Раскрывая христианский догмат Воскрешения Плоти, д'Обинье стремится показать медленное перемешивание жизни и смерти — путь, которым каждое из созданий идет к своему осуществлению, к состоянию совершенства, когда вместо времени неуловимо воцаряется вечность:
Для нас обмен веществ не может быть концом,
Мы сей круговорот в себе самих несем,
Он завершенья ждет...
Сойдясь в своем кругу, когда-то божества
Решили миром всем порядок естества:
Природа вечная, чтоб впредь ей сохраниться,
Должна в урочный час отцвесть и возродиться...
Желанья чистые произрастут упрямо.
Союзы без разлук, веселья без невзгод,
Поскольку здесь всегда прекрасны цвет и плод.
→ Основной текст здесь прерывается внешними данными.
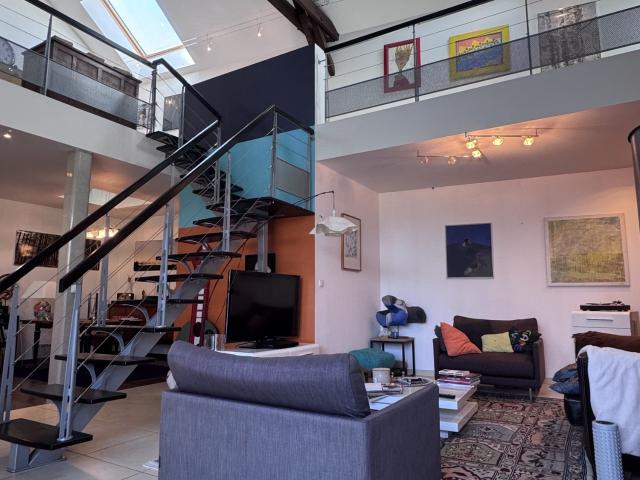 Maison 7 pièces 260 m²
Стою, ничтожнейший, перед небесным оком,
Страшусь приблизиться к светилу ненароком,
Лучами ослеплен, в огне готов сгореть,
Дабы вселенский дух душа могла узреть,
Дабы постигла то, к чему сознанье глухо,
Чего не видит глаз, чего не слышит ухо.
Смолкает сердца стук, и рот мой онемел,
Дух покидает плоть, уходит за предел,
И обмирает дух, скользя на небосклоне,
Чтоб место должное занять на Божьем лоне.
Здесь осмыслен и пережит великий момент вселенского мистицизма.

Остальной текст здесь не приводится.